I run some analysis with DESeq2 and got the following warning:
NOTES: - Data was quantified with Kallisto. - I did not aggregate the data at the gene level. I run it at the transcript level, and was using a cut-off of qval < 0.01, instead of 0.05.
In this data, for 27.2% of genes with a sum of normalized counts above 100, it was the case that a single sample's normalized count made up more than 90% of the sum over all samples. the threshold for this warning is 10% of genes. See plotSparsity(dds) for a visualization of this. We recommend instead using the varianceStabilizingTransformation or shifted log (see vignette).
What does it mean?
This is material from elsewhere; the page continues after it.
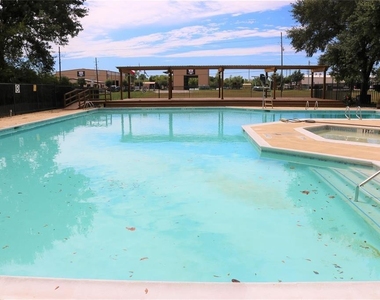 18635 Bridoon Drive - Photo Thumbnail 24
Should I run the differential expression test indicating the varianceStabilizingTransformation instead of the default DESeq transformation? If yes, how to do that?
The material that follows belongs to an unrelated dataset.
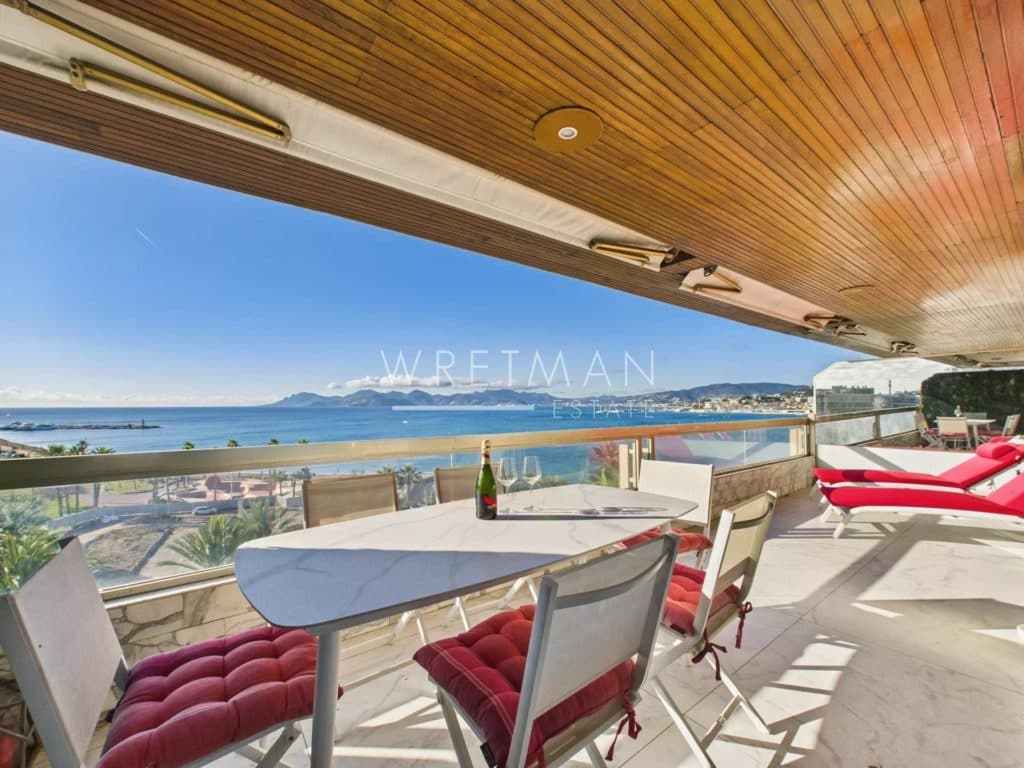 Renovated 3-room apartment with terrace and sea view – Cannes Croisette — photo 1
I did not do anything and run the test with the wrapper as always: ddsMat <- DESeq (ddsMat)
I got thousands of deregulated transcripts in each comparison. Because of the warning described above, I also run the same comparison using SLEUTH and only got a couple of dozens in each case.
What should I do?
Thanks for your answer Mike!
Those are cultured heart cells with a specific phenotype subjected to two different drugs or to the combination of both drugs. Each treatment was compared to non-treated cells.
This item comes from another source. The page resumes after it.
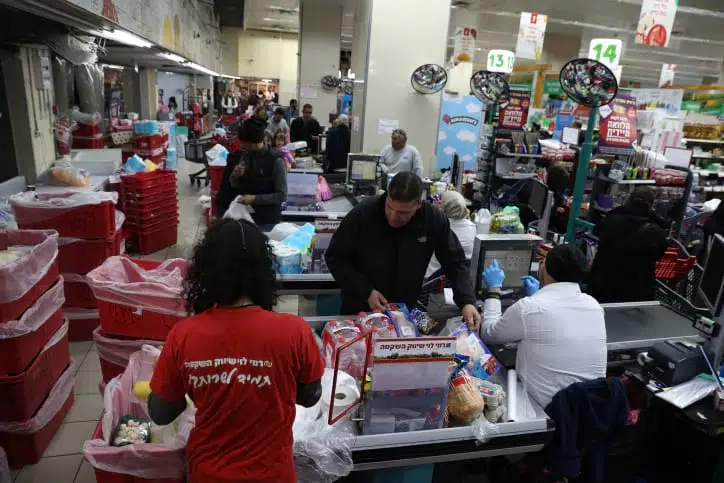Покупатели в одном из супермаркетов Иерусалима фото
Please see attached PCA of one of the comparison throwing the referred warning. It is clear that sample bs13 is different from the rest.
Should I remove that sample and repeat the analyses?
I move these to comments, rather than "answers".
Can you tell me the sample sizes? Is this bulk RNA-seq?
Ok, the images came through in my email, but not here.
I think you can ignore the warning. I'm guessing you have 1 out of 2 samples with much higher counts overall, and this is why 90% of the row sum count is coming from a single sample for a large fraction of genes.
Sorry, figure did not load in the previous message. Here a new attempt.
This is a typical example, but all other comparisons have something similar. What to do?